Karim Aïnouz: Tem a ver com o meu próprio desejo de documentar! Eu não nego meu desejo de documentar...

Cinética: E aí está a matéria-prima para o filme ser vinculado a uma idéia de realismo. Mas não a um realismo que vai fazer uma interpretação da realidade, localizar de onde vêm os problemas dela. Um realismo mais centrado no fenômeno da experiência.

Karim Aïnouz: Na experiência em si, exatamente...

Cinética: E isso é uma outra vertente do cinema hoje, em que se tem uma preocupação com a experiência. Os irmãos Dardenne, por exemplo. Eles não estão interessados na origem do desemprego da Rosetta. Eles estão interessados na tragédia que é o desemprego para a Rosetta, a experiência dela...

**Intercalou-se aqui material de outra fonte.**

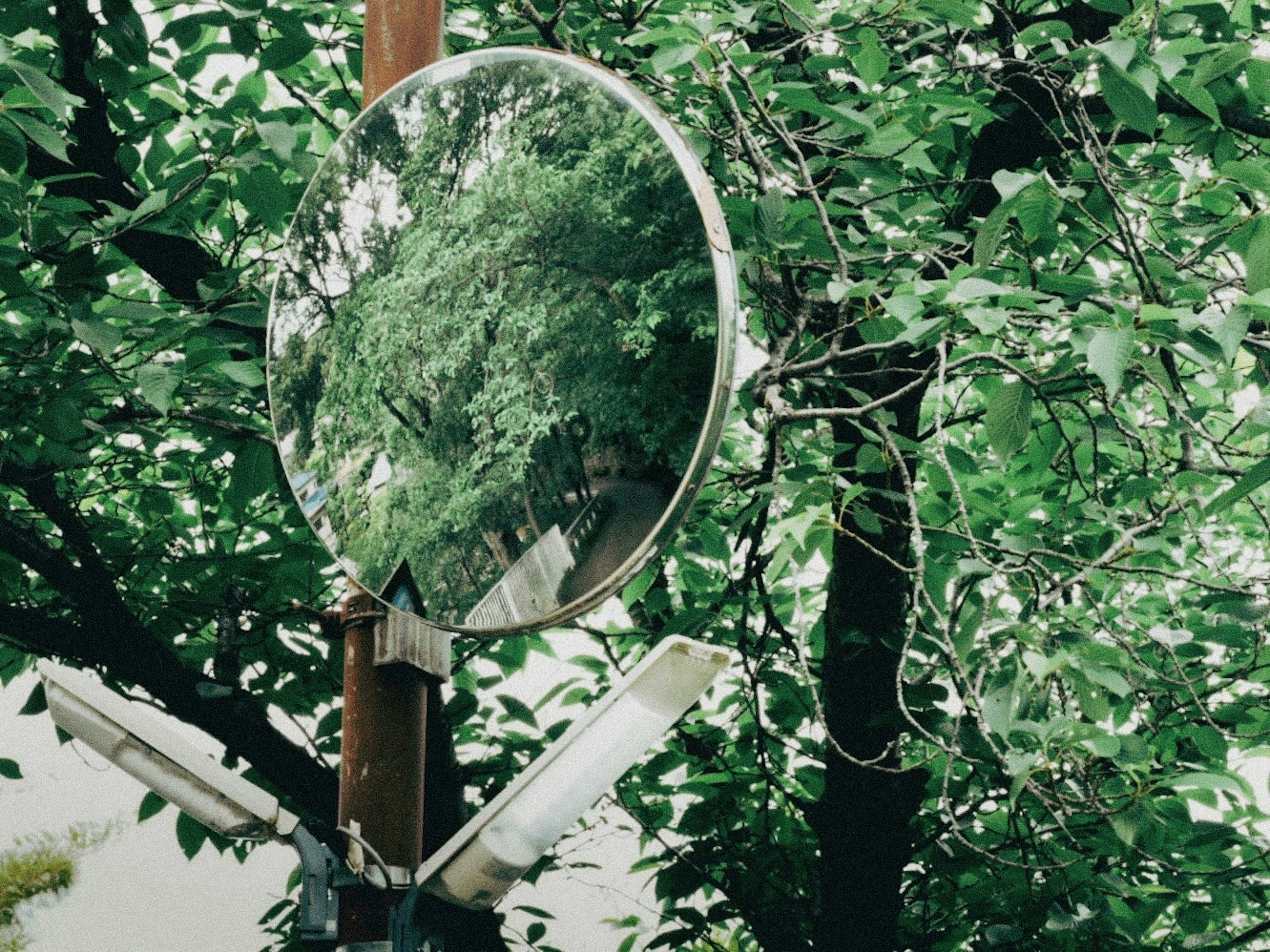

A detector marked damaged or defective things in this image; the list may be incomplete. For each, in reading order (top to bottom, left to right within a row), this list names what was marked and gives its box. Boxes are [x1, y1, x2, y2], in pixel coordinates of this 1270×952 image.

Karim Aïnouz: Há uma coisa da repetição ali, em Rosetta, que é de uma outra ordem. Aquela coisa das botas, em que ela tira e põe as botas quando sai daquele lugar, repete-se no filme. É diferente da questão da causalidade. É da ordem da experiência. Tanto que o som, se você for ver o som de O Filho, você ouve o barulho da respiração, o cara está respirando lá em primeiríssimo plano. São os barulhos do corpo, o quanto o corpo está sentindo em mexer naquelas madeiras, colocá-las naquelas pilhas. É diferente, é outra coisa.

 

Utopia no deslocamento

Cinética: Em Madame Satã, Satã usa o corpo para se impor ao espaço e para lá permanecer. Já em O Céu de Suely, Suely vai usar o seu corpo para sair de seu espaço. Existe esse vínculo, embora ambíguo e não fechado, entre o deslocamento físico e uma certa potência de vida, uma certa abertura para o desconhecido que pode ser potente. E pelo que sabemos de Alice [série que está sendo realizada por Karim Aïnouz para o canal HBO], é a confirmação dessa potência. Seria como se a Suely tivesse chegado ao Sudeste, e você a estaria acompanhando, mostrando que há uma potência aí. Haveria então de sua parte um certo elogio à mobilidade? Seria um projeto seu anterior aos filmes ou isso vai saindo das dramaturgias?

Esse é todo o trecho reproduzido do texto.